CSL-1 and confidence levels

When it was announced that CSL-1 was not a cosmic string in January, I forgot to link the preprint:
What I would like to be discussed is the confidence level. As you may remember, the spectra of the two components of CSL-1 were compared and argued to be identical at a confidence level exceeding 99.9% (page 3 here).

How do you interpret this number and what are the lessons? Should you interpret it as the probability that the two components were images of the same galaxy? Then it would indeed be quite shocking that CSL-1 turned out not to be a cosmic string.

My understanding is that the number 99.9% was calculated from the correlation between the spectra - treated as functions of the frequency. If these two functions were random, the confidence level would be very low. Because these two functions were much more correlated than two random functions of the frequency, they obtained a number that was so close to 100%. Please write down the exact formula - or AlGorithm - how 99.9% was calculated - if you know it.

But it seems to me that the actual procedure that led to the 99.9% figure did not care about the "generic" correlation between the spectra of two galaxies. It is probably very usual that two galaxies, especially two nearby galaxies, have a very similar spectrum. They have typically very similar abundance of all elements and their isotopes - or, more or less equivalently, the same percentage of stars of different types.
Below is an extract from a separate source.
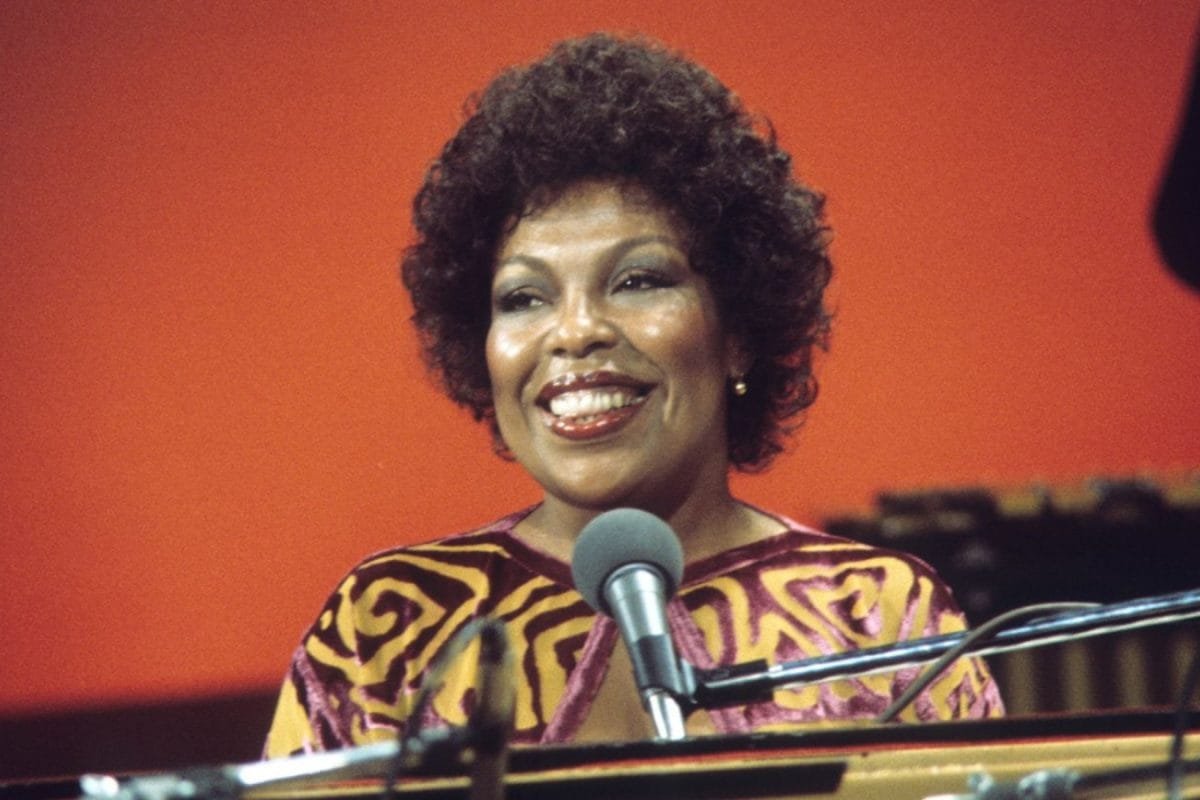 Roberta Flack, Iconic Grammy-Winning Singer, Passes Away At 88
My guess is that if the correlation between these two spectra were compared with the correlation of spectra of other pairs of galaxies, the agreement would look much less spectacular. And this elementary step has not been done, I think. So it seems to me that the figure 99.9% was just a meaningless Bayesian random number whose precise value depends on "priors". And the case of CSL-1 was an example of a highly unrealistic prior.

Incidentally, PRIOR were malls in the socialist Czechoslovakia. It stands for "Přijdeš rychle i odejdeš rychle": you come quickly and you leave quickly. ;-) For example, in the late 1980s, one could not even buy a toilet paper. Once PRIOR was bought by companies such as Tesco or K-Mart, these problems completely evaporated. Capitalism works, socialism doesn't.
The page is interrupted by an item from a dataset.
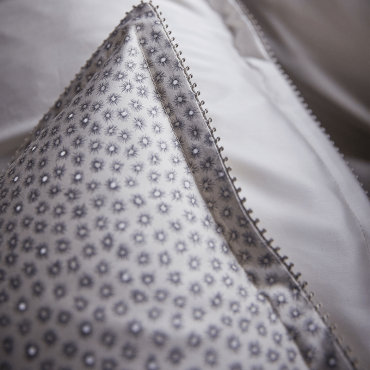 Organic cotton satin pillowcase, A La Belle Etoile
Was it correct to think that the agreement of the spectra meant that the probability that the components were images of the same galaxy exceeeded 99.9%? I think it is accurate to say today that the probability that such a prediction was a correct conclusion was below 0.1%. ;-)
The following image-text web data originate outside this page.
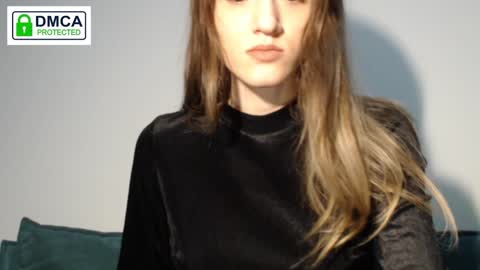 Snapshot of weltmilen chatting on December 8, 7:32 pm Milena online show from December 8, 7:32 pm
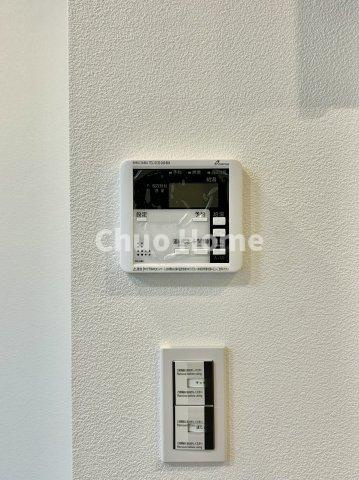 【給湯リモコン】外での一日を忘れさせてくれるオートバス機能でお好みの湯量・温度に調整された浴槽。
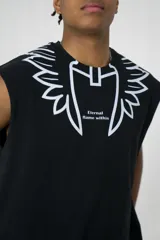 Musculosa negra de algodón elastizado con estampado frontal de un diseño abstracto en blanco.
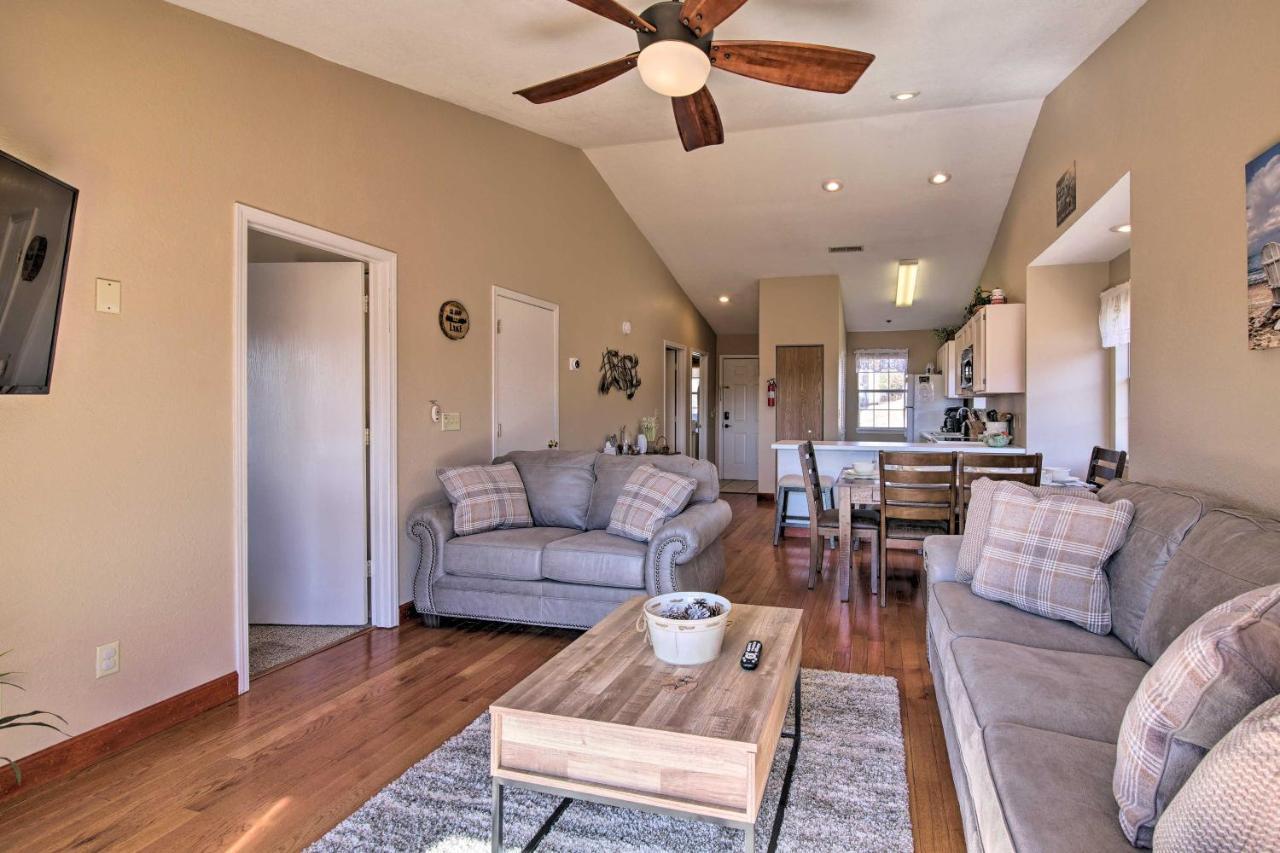 Apartment With Deck And Table Rock Views! *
OK, let me assume that it was not a correct estimate of the "subjective" probability that the components were truly identical. Was there a better algorithm that Sazhin et al. could have used to get a more sober prediction of the probability that the images are completely identical, based on the spectral analysis?

I am afraid that the answer is No - unless we know everything about the distribution of all galaxies, their spectra, and all of their correlations, including the dependence of the correlation on the proximity and other quantities. More realistically, I am afraid that even the most elementary procedure was not made - the impressive correlation between the spectra was not compared with the correlation of the spectra of other pairs of nearby galaxies. Correct me if I am wrong.

Bayesian estimates of probability are never quantitative science. The numbers representing the likelihood always have a subjective meaning. They depend on subjective assumption and temporary knowledge, and they are not subject to objective science. But despite this general statement, the estimates of probabilities can be done more or less rationally, and because we know that CSL-1 was not a cosmic string, it seems that the 99.9% estimate was not made too rationally.

It reminds me of the Bayesian estimates of the space shuttle failures. As Feynman argued after the Challenger disaster, the predictions of an extremely low error rate could have never been justified rationally because they could not have been based on the frequentist understanding of probability.